* [Source material]

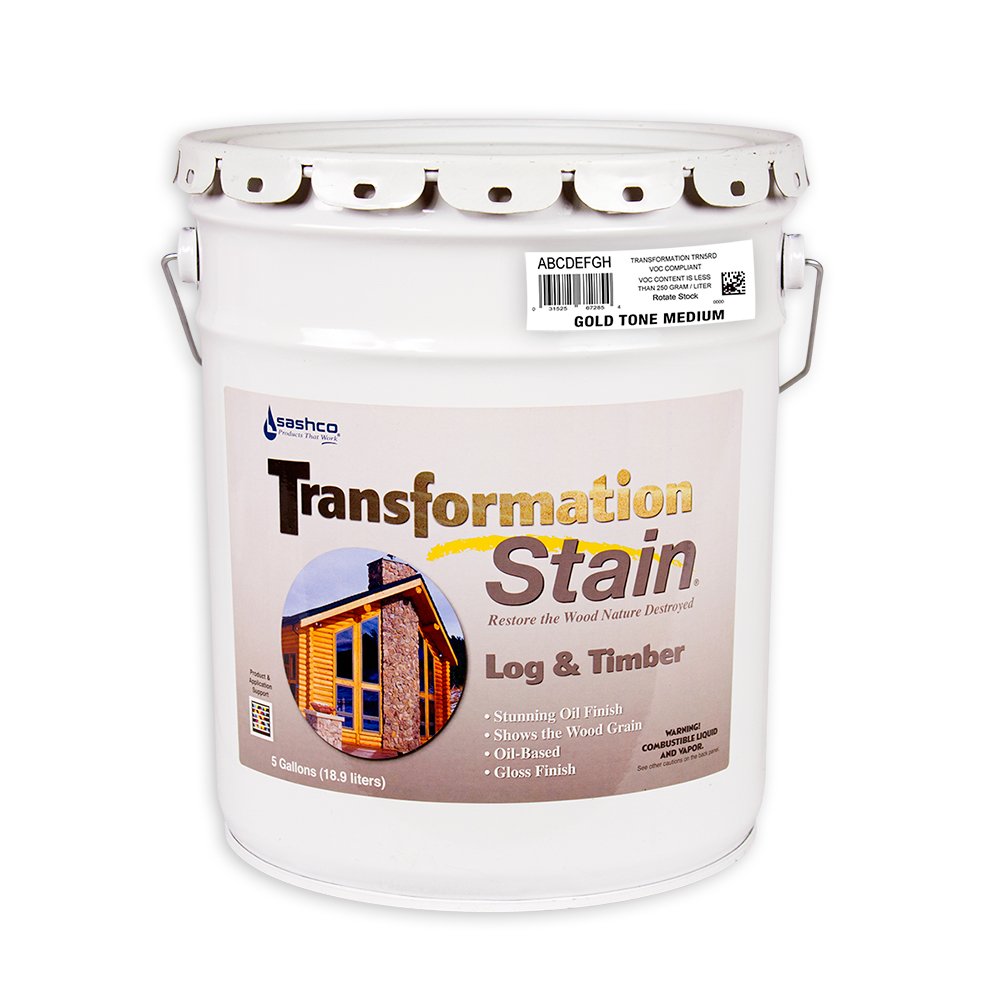 Sashco Transformation Log and Timber Stain, 5 Gallon Pail, Gold Tone Medium (Pack of 1)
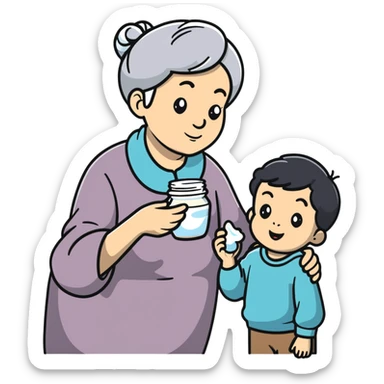 Grandmother offering yogurt to grandson sticker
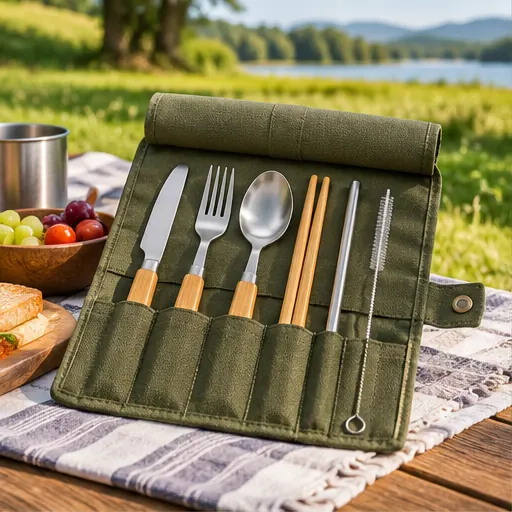 OEM Natural Bamboo Handle Portable Flatware Set for Park Picnics product view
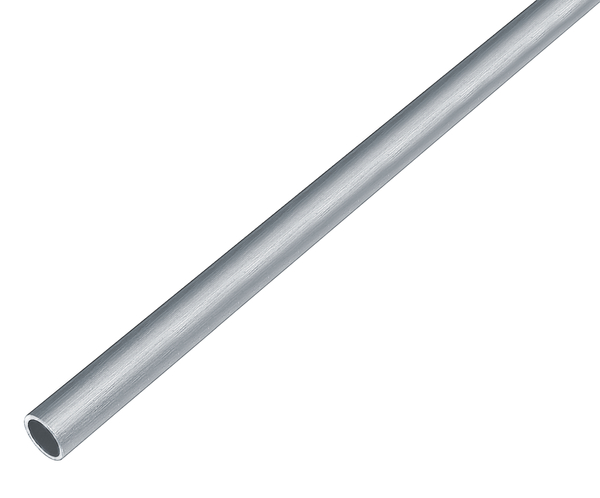 Rundrohr, mit Schutzfolie, Material: Aluminium, Oberfläche: edelstahldesign, hell, Durchmesser: 10 mm, Materialstärke: 1 mm, Länge: 1000 mm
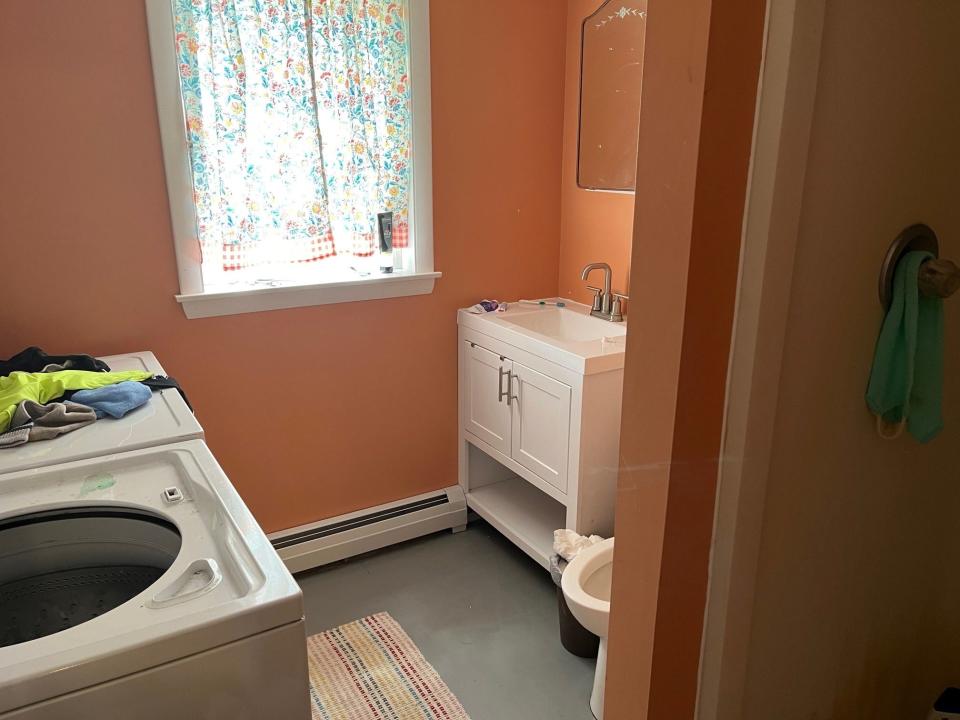 A bathroom at the house for migrant workers on Sprague Ranch that has already been renovated at the farm owners' expense. As seen on May 12, 2023.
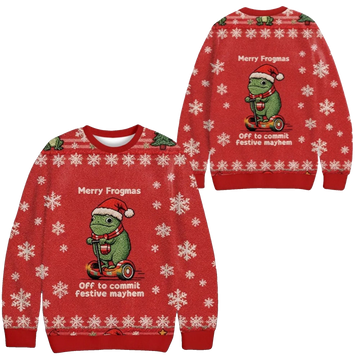2026 Christmas Off to Commit Frogmas Mayhem Ugly Sweater - Moonbestprint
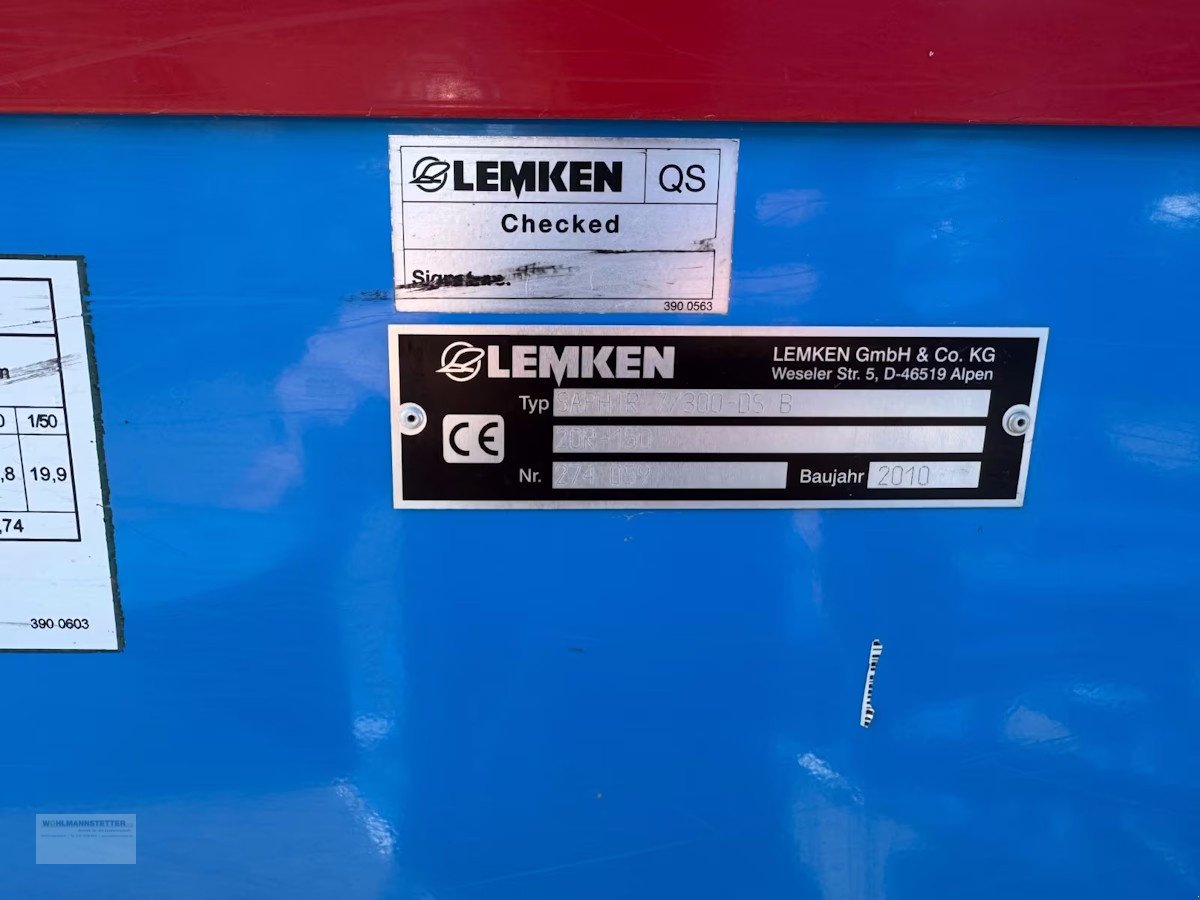 Drillmaschinenkombination Türe ait Lemken Zirkon 7/300 + Saphir 7/300, Gebrauchtmaschine içinde Unterdietfurt (resim 3)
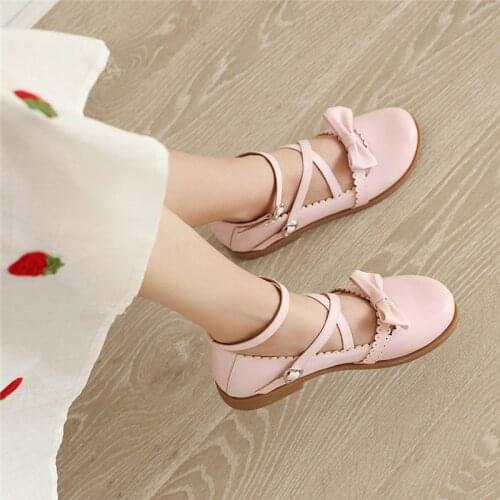 YQBTDL 2020 Summer Princess Style Young Lady Low Heel Lolita Shoes Cute Pink Black Beige Bowtie Cross Strap Mary Jane Pumps Shoe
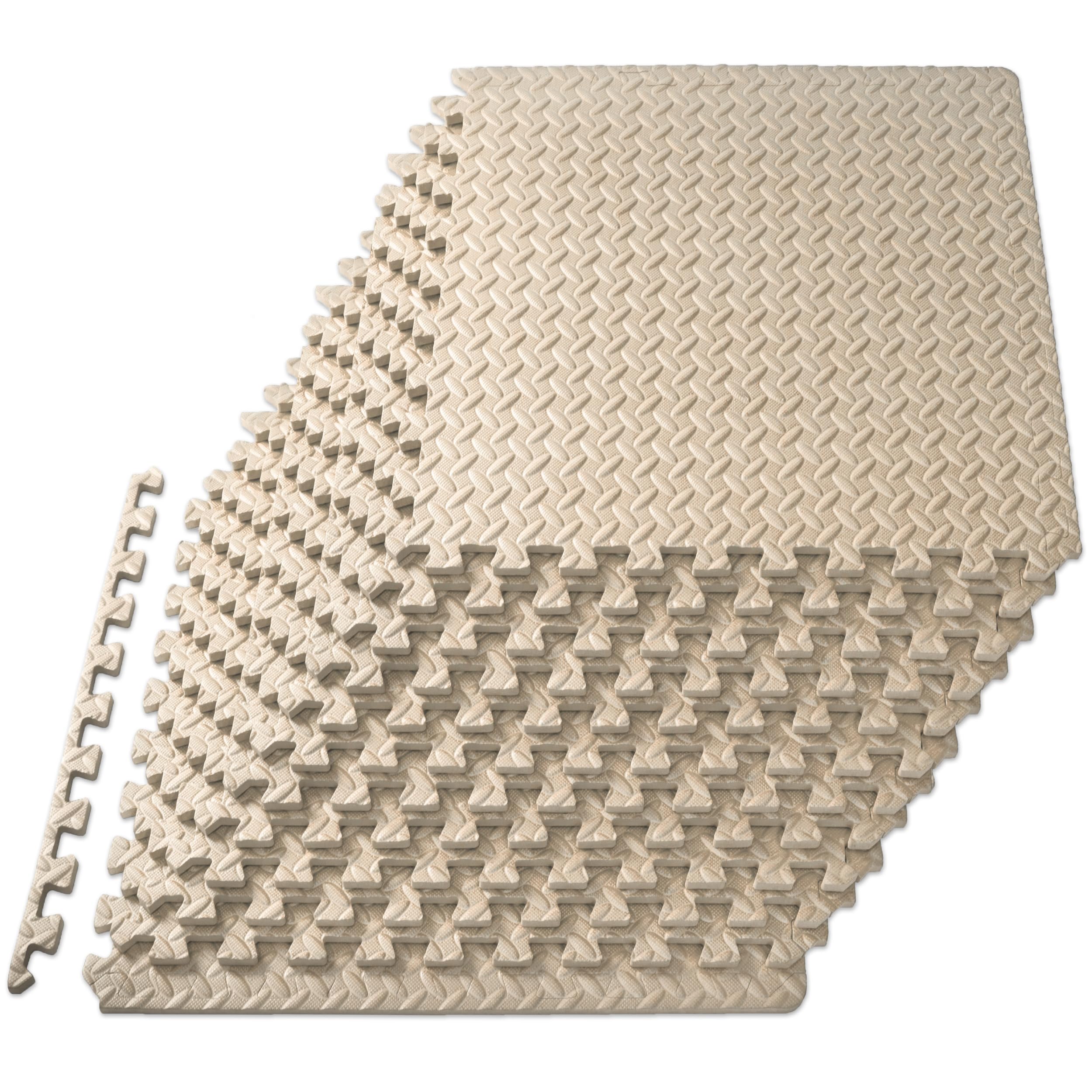 ProsourceFit Puzzle Exercise Mat ½ in, EVA Interlocking Foam Floor Tiles for Home Gym, Mat for Home Workout Equipment, Floor Padding for Kids, Cream, 24 in x 24 in x ½ in, 24 Sq Ft - 6 Tiles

* [What you are asked to do]
All records above are to be output verbatim, with their pictures omitted.

* [Solution to this task]
 Sashco Transformation Log and Timber Stain, 5 Gallon Pail, Gold Tone Medium (Pack of 1)
 Grandmother offering yogurt to grandson sticker
 OEM Natural Bamboo Handle Portable Flatware Set for Park Picnics product view
 Rundrohr, mit Schutzfolie, Material: Aluminium, Oberfläche: edelstahldesign, hell, Durchmesser: 10 mm, Materialstärke: 1 mm, Länge: 1000 mm
 A bathroom at the house for migrant workers on Sprague Ranch that has already been renovated at the farm owners' expense. As seen on May 12, 2023.
2026 Christmas Off to Commit Frogmas Mayhem Ugly Sweater - Moonbestprint
 Drillmaschinenkombination Türe ait Lemken Zirkon 7/300 + Saphir 7/300, Gebrauchtmaschine içinde Unterdietfurt (resim 3)
 YQBTDL 2020 Summer Princess Style Young Lady Low Heel Lolita Shoes Cute Pink Black Beige Bowtie Cross Strap Mary Jane Pumps Shoe
 ProsourceFit Puzzle Exercise Mat ½ in, EVA Interlocking Foam Floor Tiles for Home Gym, Mat for Home Workout Equipment, Floor Padding for Kids, Cream, 24 in x 24 in x ½ in, 24 Sq Ft - 6 Tiles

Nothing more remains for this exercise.